Cost-Aware Eviction: Why Your Cache Should Know What

Your cache is full. Something has to go. The eviction algorithm picks the least recently used key and drops it. That key happened to be a derivatives pricing computation that took 50 milliseconds to produce. The key that survived? A simple database lookup that takes 0.5 milliseconds to recompute. Your cache just made the worst possible decision, and it had no way to know that, because standard eviction policies treat all keys as equally valuable.

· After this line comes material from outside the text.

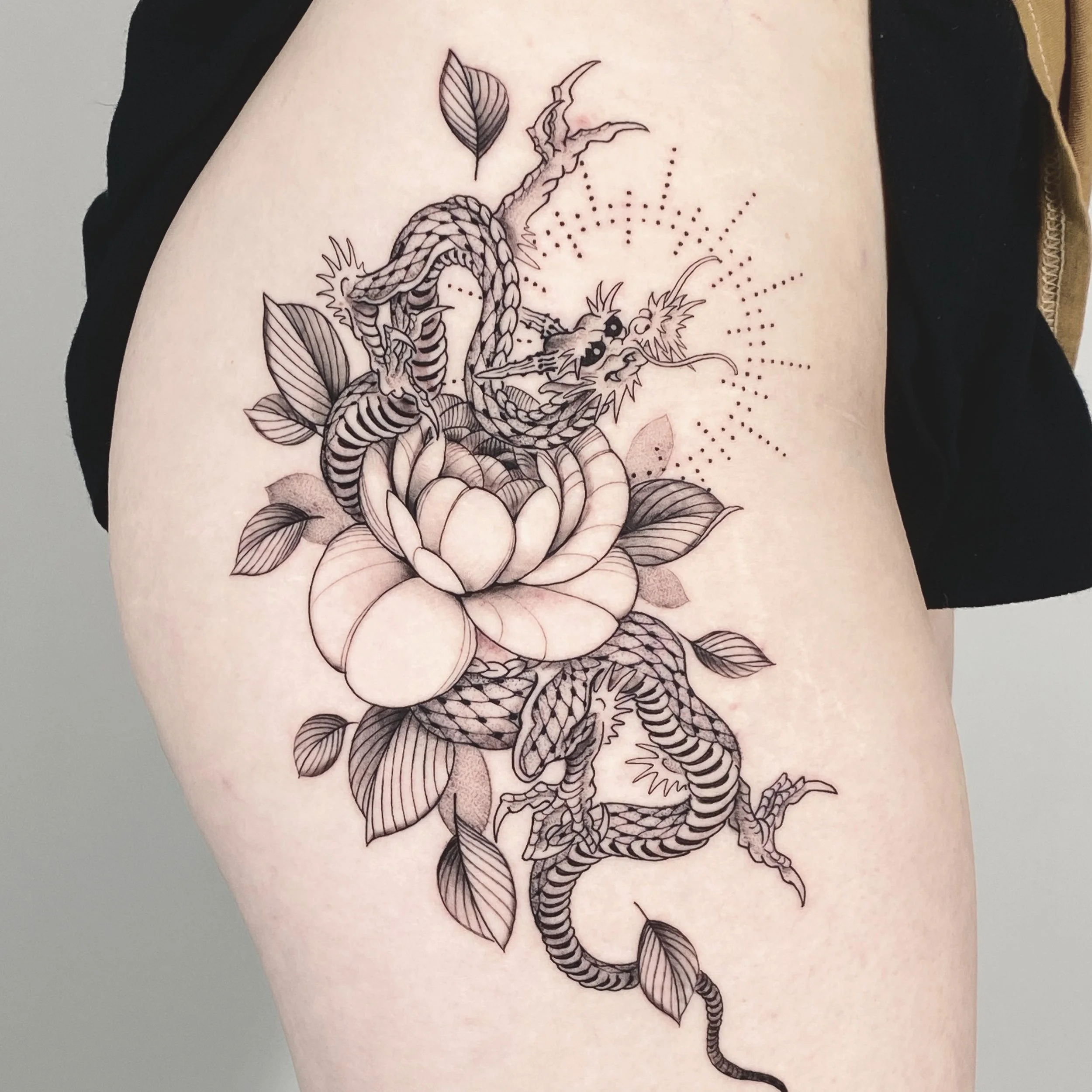 Fine line dragon tattoo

The Blind Spot in Every Eviction Policy

LRU, LFU, Cachee-FLU — every standard eviction algorithm makes decisions based on access patterns. How recently was the key used? How frequently? These are useful signals. But they are missing the most important dimension: what does it cost to recompute this value if the cache evicts it?

Consider a production cache with these four keys, all accessed at roughly the same frequency:

user:123:name — simple DB lookup, 0.3ms to recompute
product:456:price — simple DB lookup, 0.5ms to recompute
portfolio:789:risk-score — ML model inference + 6-table JOIN, 45ms to recompute
report:daily:revenue — aggregation across 12M rows, 200ms to recompute

To LRU, these are four identical keys. Whichever was accessed least recently gets evicted. There is a 50% chance the eviction algorithm drops a key that takes 100x longer to rebuild than the key it kept. Under LFU, the bias is toward frequency — but a key accessed 10 times per minute with a 200ms recomputation cost is far more valuable to keep than a key accessed 12 times per minute with a 0.3ms cost.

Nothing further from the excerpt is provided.